# Android-users-are-more-honest-humble-than-iPhone



## sumit05 (Sep 3, 2016)

Android users are more honest, humble than iPhone users, claims study - Times of Indi


----------



## Desmond (Sep 5, 2016)

I don't think testing 530 users is enough to reflect on everyone.

But from the iPhone users that I have personally met, they mostly bought it as a fashion statement.


----------



## RCuber (Sep 5, 2016)

[satire]
This study is baseless
- Sent from my iPhone 7
[/satire]


----------



## lywyre (Sep 6, 2016)

I am not a fan of Apple and never have recommended one to anybody.

Say I spend INR 65000 and bought myself an iPhone.
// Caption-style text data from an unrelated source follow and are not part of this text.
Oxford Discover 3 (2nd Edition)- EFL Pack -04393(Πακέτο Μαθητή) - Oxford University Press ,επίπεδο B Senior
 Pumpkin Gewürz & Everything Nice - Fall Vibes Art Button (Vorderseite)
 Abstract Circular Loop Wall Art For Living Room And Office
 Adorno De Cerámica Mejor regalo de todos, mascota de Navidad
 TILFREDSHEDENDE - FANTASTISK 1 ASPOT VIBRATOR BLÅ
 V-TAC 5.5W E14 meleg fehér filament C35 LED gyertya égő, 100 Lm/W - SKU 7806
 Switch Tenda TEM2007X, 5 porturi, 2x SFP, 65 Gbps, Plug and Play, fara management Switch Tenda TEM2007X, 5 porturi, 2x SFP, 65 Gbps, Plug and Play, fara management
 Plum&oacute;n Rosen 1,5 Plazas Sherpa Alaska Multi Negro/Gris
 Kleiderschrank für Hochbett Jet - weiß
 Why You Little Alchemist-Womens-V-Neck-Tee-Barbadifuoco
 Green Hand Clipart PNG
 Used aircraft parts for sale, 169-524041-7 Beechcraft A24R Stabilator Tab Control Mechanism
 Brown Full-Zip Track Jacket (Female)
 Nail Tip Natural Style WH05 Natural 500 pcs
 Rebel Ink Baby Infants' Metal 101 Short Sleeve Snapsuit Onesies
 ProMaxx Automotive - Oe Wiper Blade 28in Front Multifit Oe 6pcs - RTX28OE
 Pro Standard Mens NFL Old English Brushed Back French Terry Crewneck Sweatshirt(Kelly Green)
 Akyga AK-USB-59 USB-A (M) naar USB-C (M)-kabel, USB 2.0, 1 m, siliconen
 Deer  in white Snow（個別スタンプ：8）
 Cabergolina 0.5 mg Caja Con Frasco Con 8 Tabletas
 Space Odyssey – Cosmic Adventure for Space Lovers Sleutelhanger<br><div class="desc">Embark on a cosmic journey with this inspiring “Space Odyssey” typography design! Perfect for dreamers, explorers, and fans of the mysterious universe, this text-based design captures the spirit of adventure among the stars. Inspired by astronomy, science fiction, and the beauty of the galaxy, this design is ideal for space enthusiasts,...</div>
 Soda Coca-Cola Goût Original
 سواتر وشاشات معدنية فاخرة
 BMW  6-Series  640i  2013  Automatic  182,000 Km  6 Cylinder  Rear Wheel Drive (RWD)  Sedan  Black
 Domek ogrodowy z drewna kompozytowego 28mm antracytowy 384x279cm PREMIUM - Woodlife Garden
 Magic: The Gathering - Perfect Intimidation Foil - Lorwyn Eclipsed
Would I not be trying to get every bit of value from it? 
Maybe I lie that I am happy with my new mobile so that I may not look like a fool after spending so much (same applies for any upmarket Android) on a device actually not worth so much. Or a more cheaper one (by price) is available that offers same or better quality and performance. 

Every body has an expectation when they buy a mobile. They know what they are spending and what the want (not need). They are satisfied if they get it.


----------



## Desmond (Sep 7, 2016)

realman said:


> No comment



Then why did you post?


----------



## Desmond (Sep 12, 2016)

You could delete the post.


----------